While his company was still in its infancy, Rudolph began integrating himself into his new homeland. He became an American citizen on October 8, 1859. By 1860, he had a retail store, offices, and stockrooms operating at 123 Main Street in Cincinnati. Around that time, Rudolph signed his first contract with the U.S. Army. As a result, many of the drums, trumpets, and bugles played by Union soldiers in the Civil War and by U.S. troops in the later Spanish-American war bore the Wurlitzer name. Most of the instruments were imported from Germany, but some were produced in a small factory that Wurlitzer built when he took over the entire Main Street building in 1861. His army contract allowed him to expand his business and open an additional retail store in Chicago in 1865.
Rudolph’s brother, Anton, who had also immigrated to the United States, joined the enterprise as a partner in 1872. The company was called “Rudolph Wurlitzer and Brother,” and was incorporated as the “Rudolph Wurlitzer Company” in 1890 with an initial capitalization of $200,000 (approximately $4,940,000 in 2010 U.S. dollars). For its first fifty years, the Wurlitzer Company was primarily a wholesaler, distributor, and retail instrument business that operated out of its Cincinnati headquarters. The company’s production increased but still played a minor role.
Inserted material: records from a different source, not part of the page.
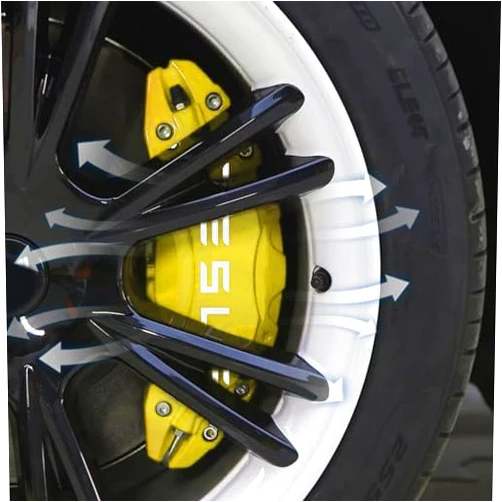 FXBSQF Caliper Covers Set of 4 Compatible with for 2024 Tesla Model 3 Highland 2024 18/19 inch Wheel Hub Front and Rear Brake Caliper Covers Caliper Black & White letter Logo included (Yellow)
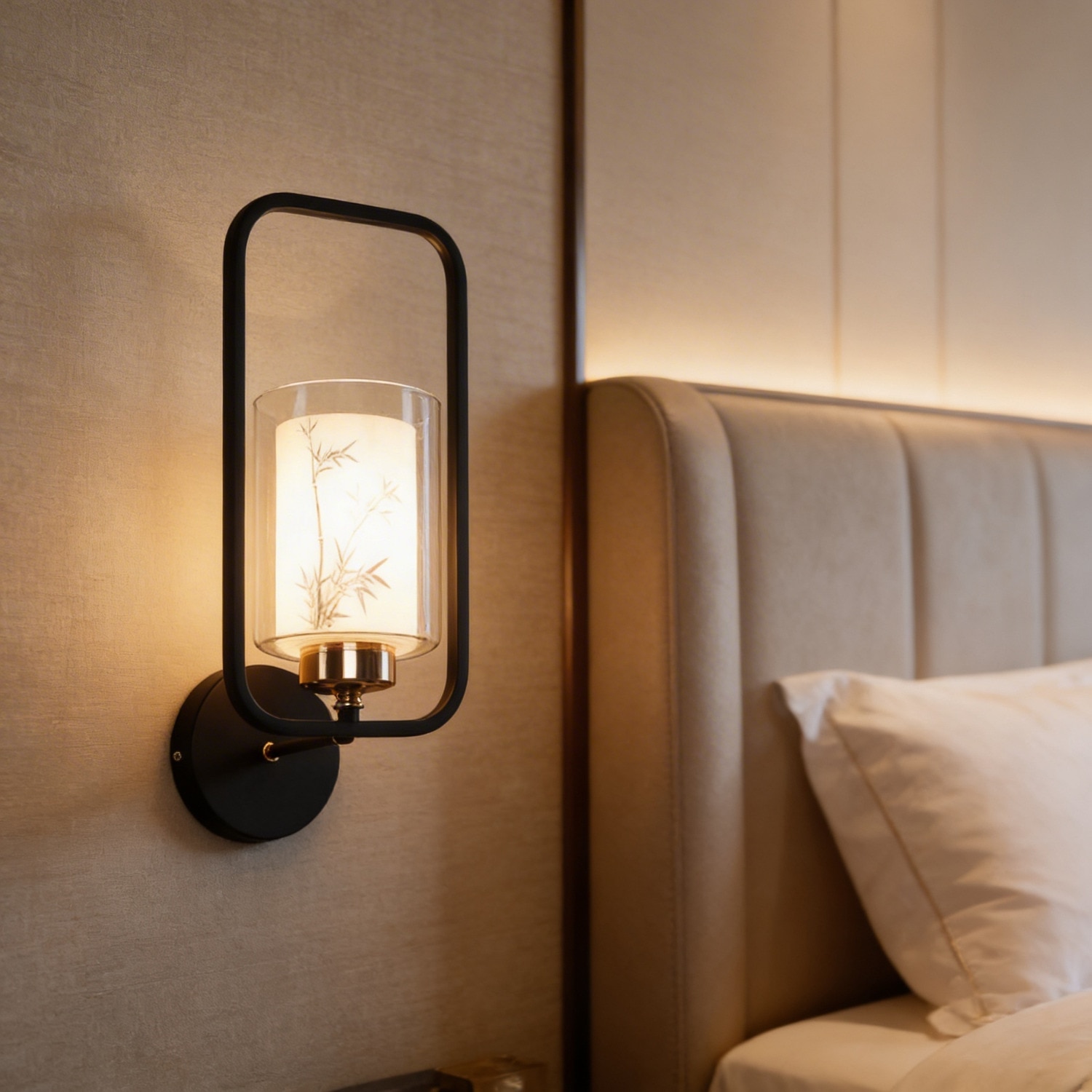 Eliante Modern Wall Lights Mild Steel, Glass & Glass Material Brown, Gold & White Finish - Eliante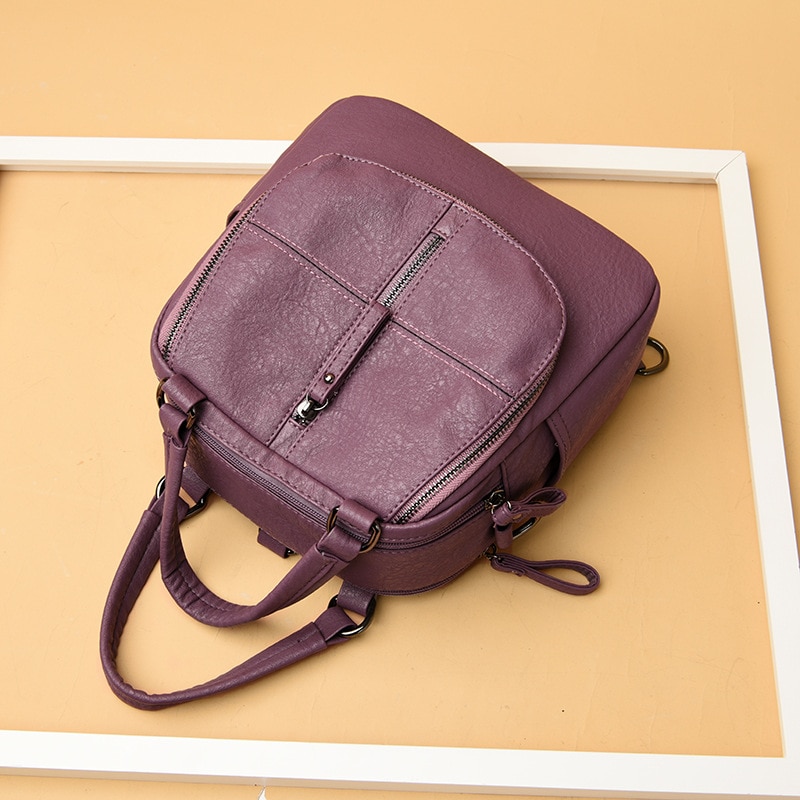 Frauen Mehrzweck Leder Schulter Tasche Zipper für Handy Tasten Travel Taschen 3 möglichkeiten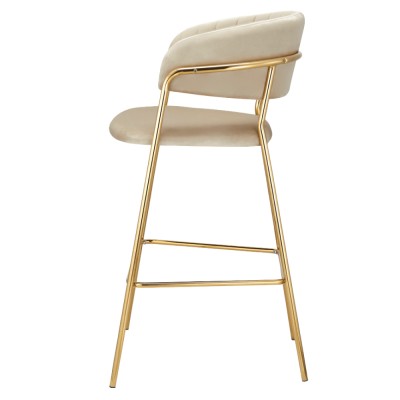 Scaun de bar de design, ţesătură bej Velvet/gold crom auriu, DASMIN NEW TIP 2
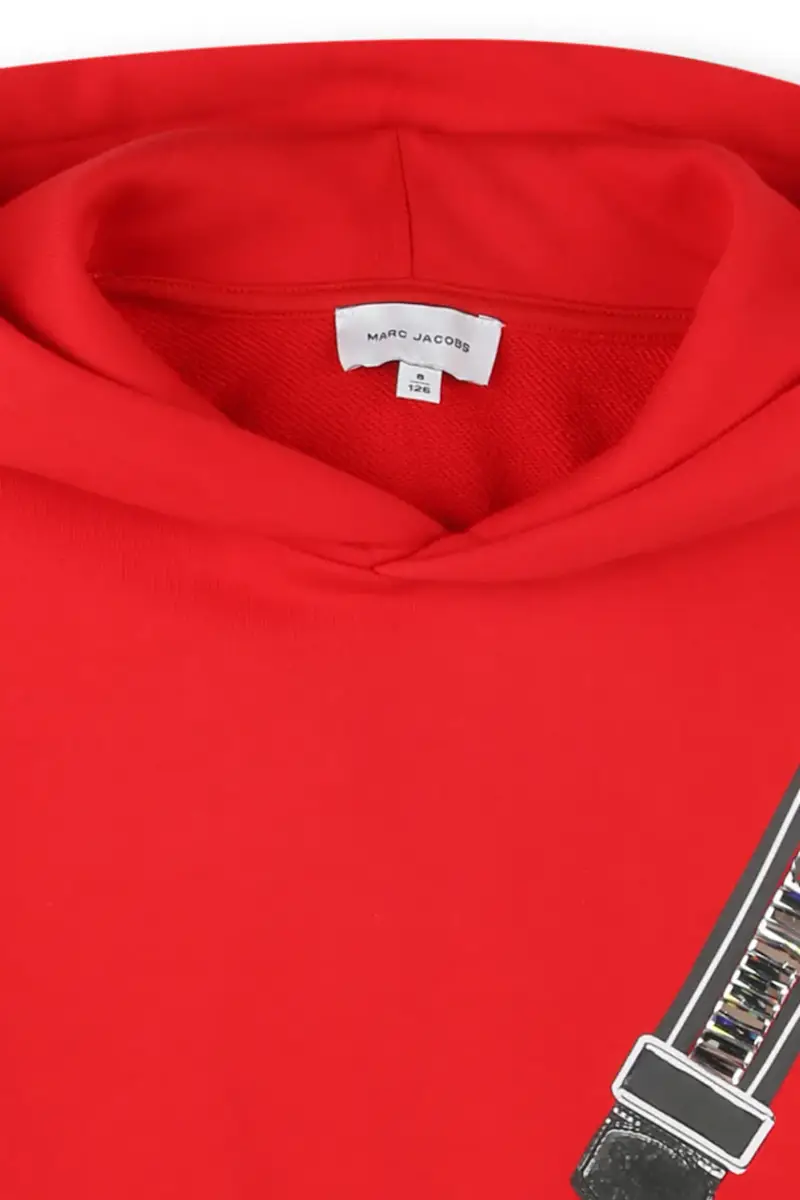 felpa in cotone bambino/a colore rosso con cappuccio W60568 miniatura 3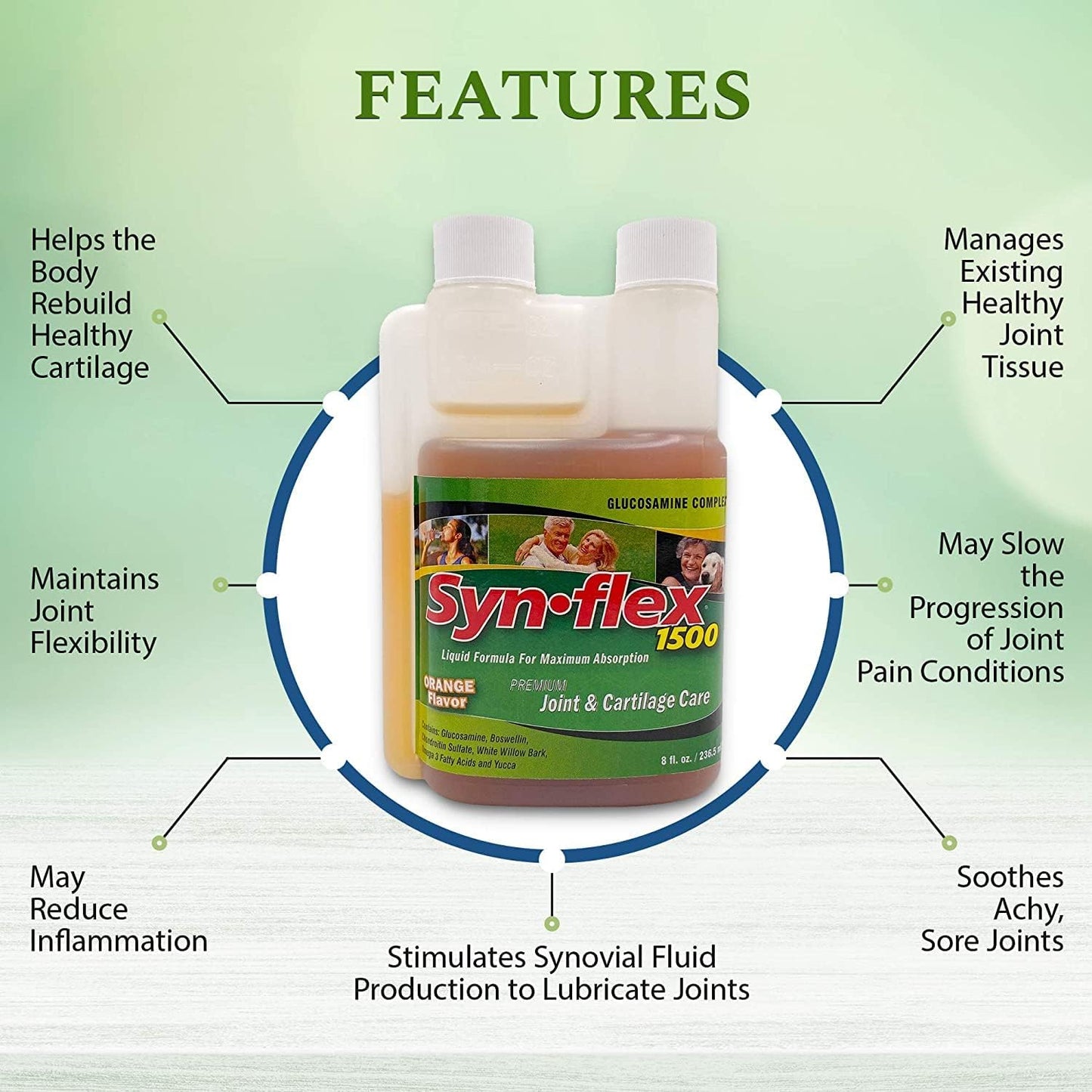High Concentration 1500mg Liquid Glucosamine & Chondroitin with Orange Flavor - Supports Joint & Cartilage Health - Fast-Absorbing Formula with White Willow Bark, Manganese, and Boswellin - 32 Day Supply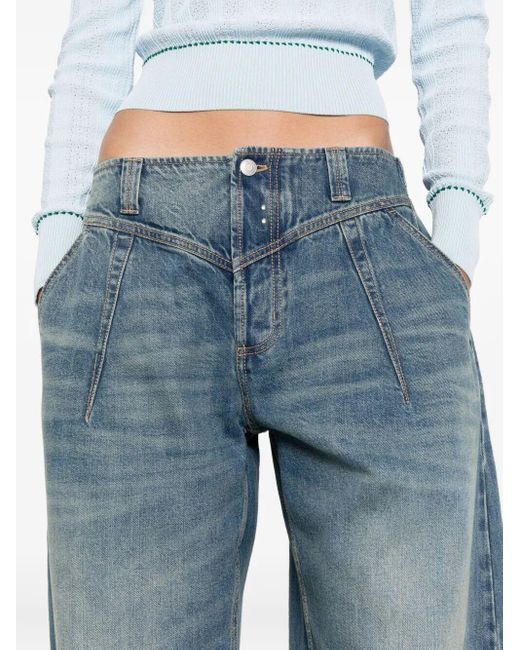 McQueen Blue Logo Patch Wide-Leg Jeans
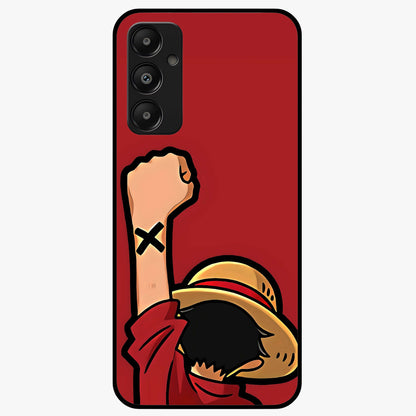 Luffy X Spirit Glass Case showing flat back view with bold anime character artwork and glossy glass finish.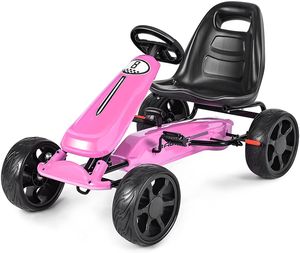 COSTWAY Go Cart s nastaviteľným sedadlom, Go Cart s ručnou brzdou, šliapacie autíčko do 30 kg, šliapací vozík, šliapacie vozidlo, detské vozidlo pre deti od 3 do 8 rokov (ružová)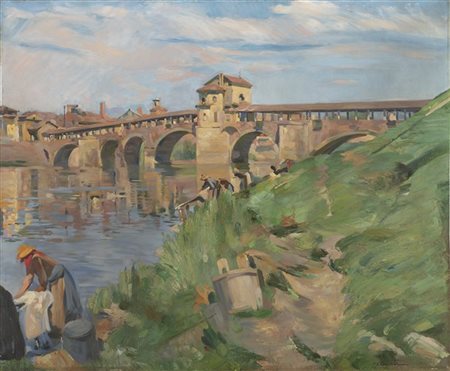 Mario Acerbi "Lavandaie sul Ticino a Pavia" 
olio su tela (cm 75x90)
Firmato in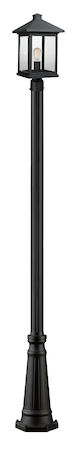 Z-Lite Portland 1 Light Outdoor Post Light 531PHBR-519P-BK
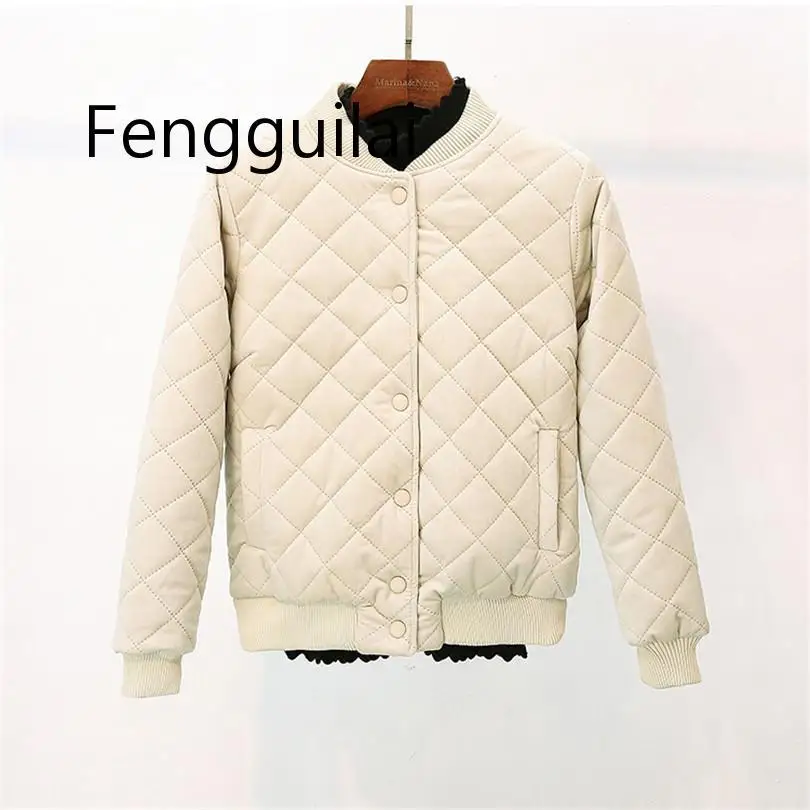 FENGGUILAI Autumn Winter Women Short Cotton Coats Warm Thicken Velvet Parka Jackets Students Baseball Outerwear Solid Bombers To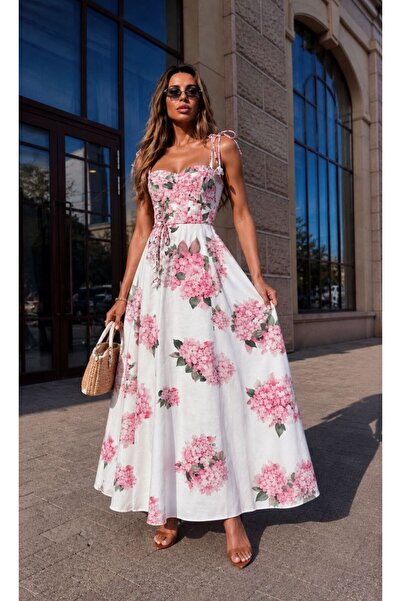 S&A Collectionn Women's Shoulder Tie Belted Lined Floral Maxi Long Linen Dress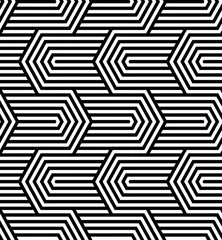 Gardinen Vektor nahtlose Textur. Moderner abstrakter Hintergrund. Wiederholtes monochromes Muster polygonaler Linien, die geometrische Formen bilden. © alla_ko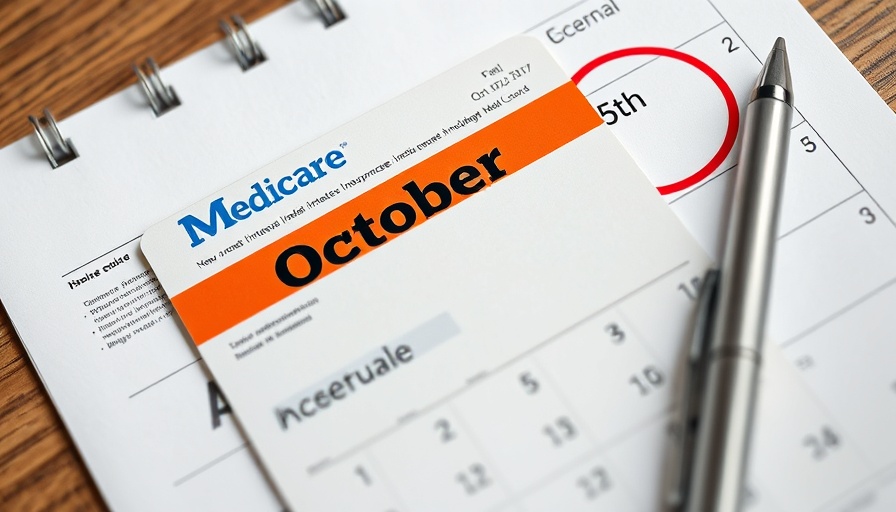 Medicare Open Enrollment 2025 calendar and card close-up.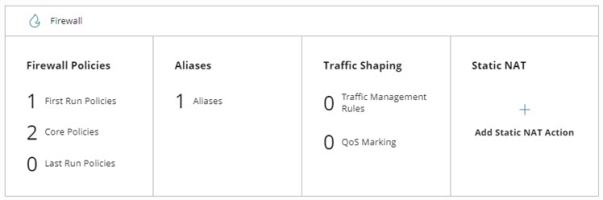 Screen shot of the Firewall section of the Device Configuration page in WatchGuard Cloud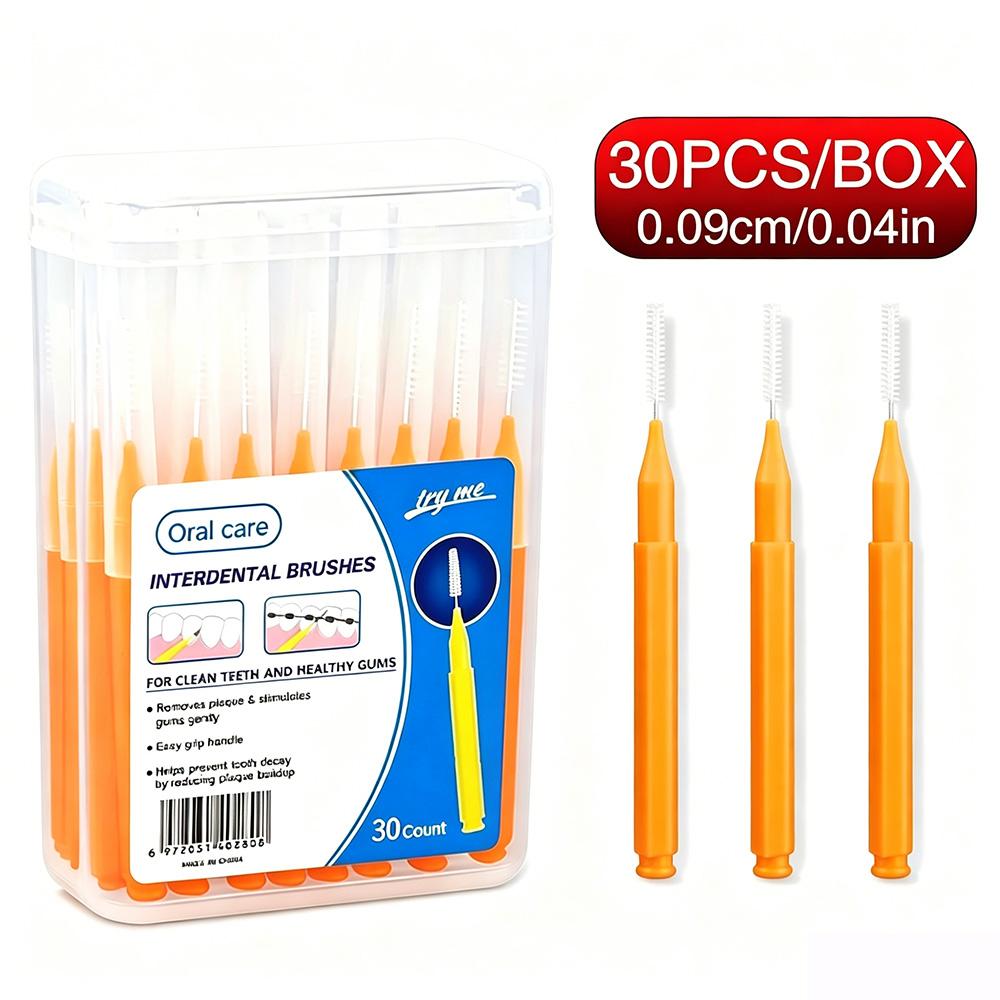 Daily Oral Hygiene Interdental Brush 0.09cm 0.04In Portable Teeth Interspace Cleaner Disposable Dental Gap Cleaning Too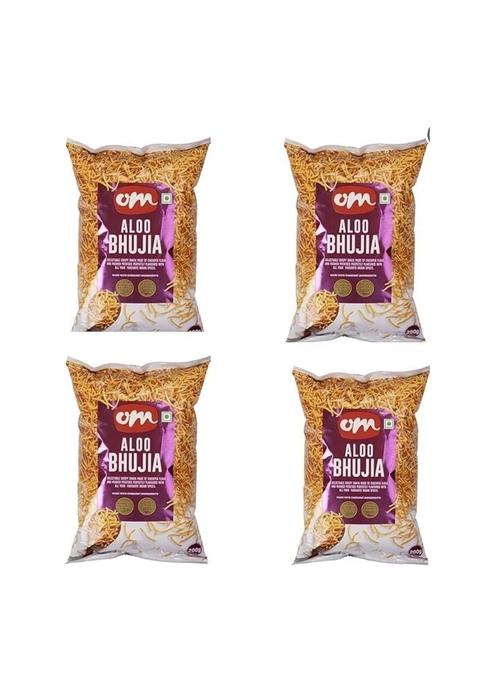 OM SWEETS & SNACKS Bhujia Namkeen Healthy Indian Crispy Fresh Snack | No Added Colours Or Preservatives Products Ready To Eat Finest Tea Time 200g X 4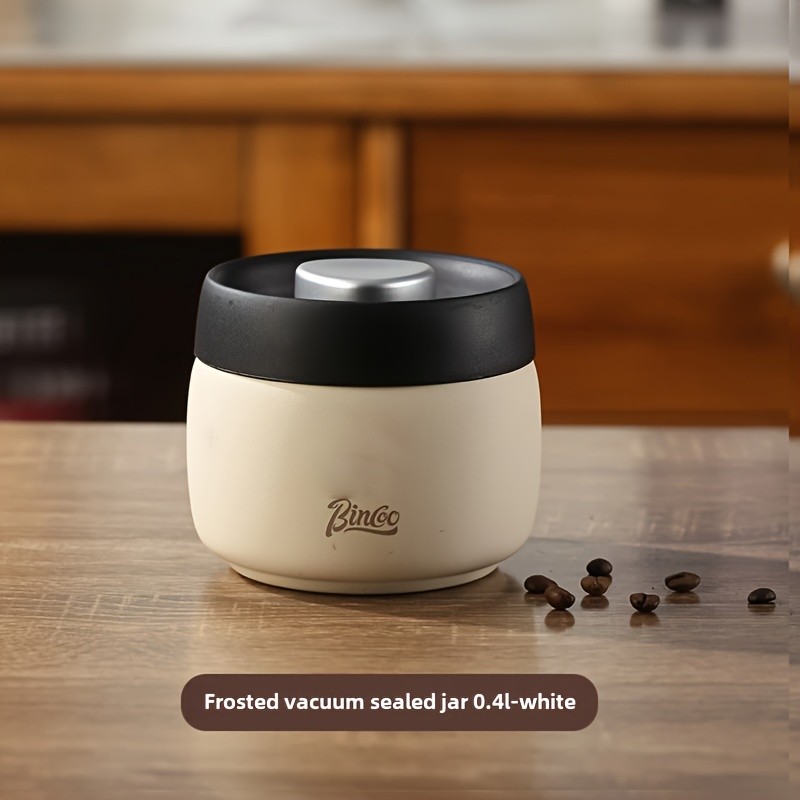 Bincoo Vacuum Sealed Coffee Storage Canister 304 Stainless Steel Airtight Jar with One-Touch Vacuum Lid & Freshness Window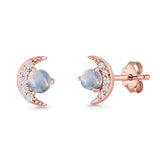 Moon Stud Earring 7mm Round Lab Created Opal & Clear CZ 925 Sterling Silver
America’s growing nineteenth-century music industry helped Wurlitzer become a success. The company advertised a growing selection of instruments in its 200 page-long catalogs. Wurlitzer expanded and kept moving his headquarters to larger and larger spaces in Cincinnati. In 1906, the year of Wurlitzer’s 50th anniversary, the company’s offices and some of its import, wholesale, and retail operations occupied a six-story building. “The first floor display rooms featured glass display counters, tall showcases, sound-proof demonstration rooms, and piano display rooms. Wurlitzer’s Player Piano library was carefully organized and cataloged, thousands of collections were racked along the wall. Individual phonograph listening rooms were also featured.”
In the early years, most of the company’s efforts focused on “conventional” musical instruments. Near the end of the century, however, the firm became increasingly cognizant of the demand for automatic music devices. This shift might have been attributable to the second generation, namely Rudolph’s three sons, Howard, Rudolph, and Farny, who entered the family business in 1889, 1894, and 1904, respectively.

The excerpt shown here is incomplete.